# PROVIDED DATA

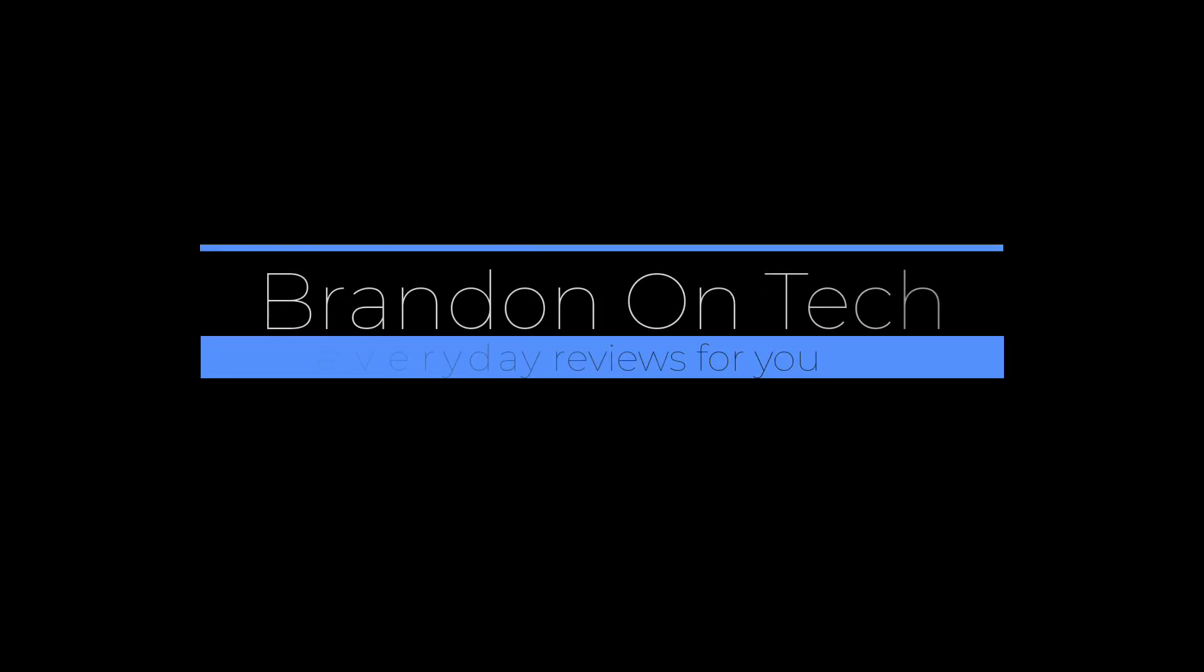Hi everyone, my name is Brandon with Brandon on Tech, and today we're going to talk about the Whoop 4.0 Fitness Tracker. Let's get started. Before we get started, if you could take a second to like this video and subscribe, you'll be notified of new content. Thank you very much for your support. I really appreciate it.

...

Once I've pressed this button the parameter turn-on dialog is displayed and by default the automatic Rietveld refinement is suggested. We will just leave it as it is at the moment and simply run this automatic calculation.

==

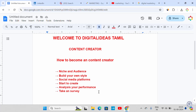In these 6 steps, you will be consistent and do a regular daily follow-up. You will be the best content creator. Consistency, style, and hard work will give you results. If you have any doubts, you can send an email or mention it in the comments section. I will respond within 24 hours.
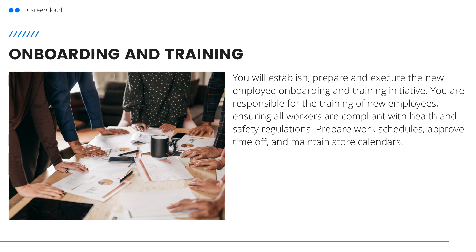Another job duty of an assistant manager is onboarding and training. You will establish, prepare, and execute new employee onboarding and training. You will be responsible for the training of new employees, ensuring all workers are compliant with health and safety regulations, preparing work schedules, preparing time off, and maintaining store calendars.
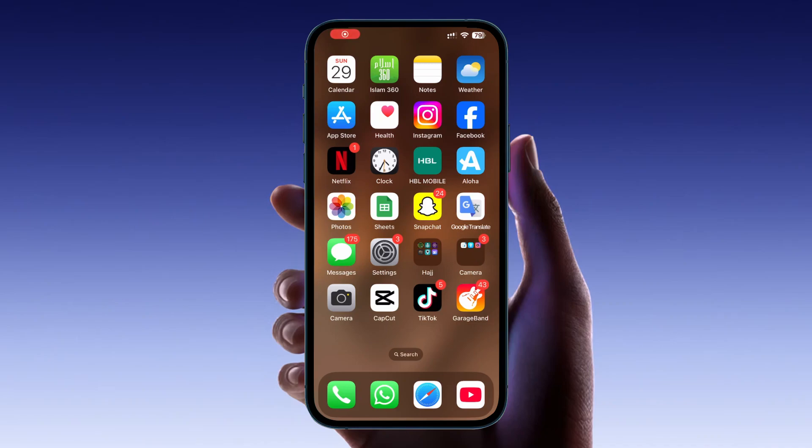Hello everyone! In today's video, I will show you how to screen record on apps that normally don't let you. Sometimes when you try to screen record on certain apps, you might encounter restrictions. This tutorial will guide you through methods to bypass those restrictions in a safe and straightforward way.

# PROBLEM DESCRIPTION
Return the stretch of data that begins with the line showing "Another job duty" and goes on through the line showing "Hello everyone! In", exactly, with pictures removed.

# COMPLETED TASK
Another job duty of an assistant manager is onboarding and training. You will establish, prepare, and execute new employee onboarding and training. You will be responsible for the training of new employees, ensuring all workers are compliant with health and safety regulations, preparing work schedules, preparing time off, and maintaining store calendars.
Hello everyone! In today's video, I will show you how to screen record on apps that normally don't let you. Sometimes when you try to screen record on certain apps, you might encounter restrictions. This tutorial will guide you through methods to bypass those restrictions in a safe and straightforward way.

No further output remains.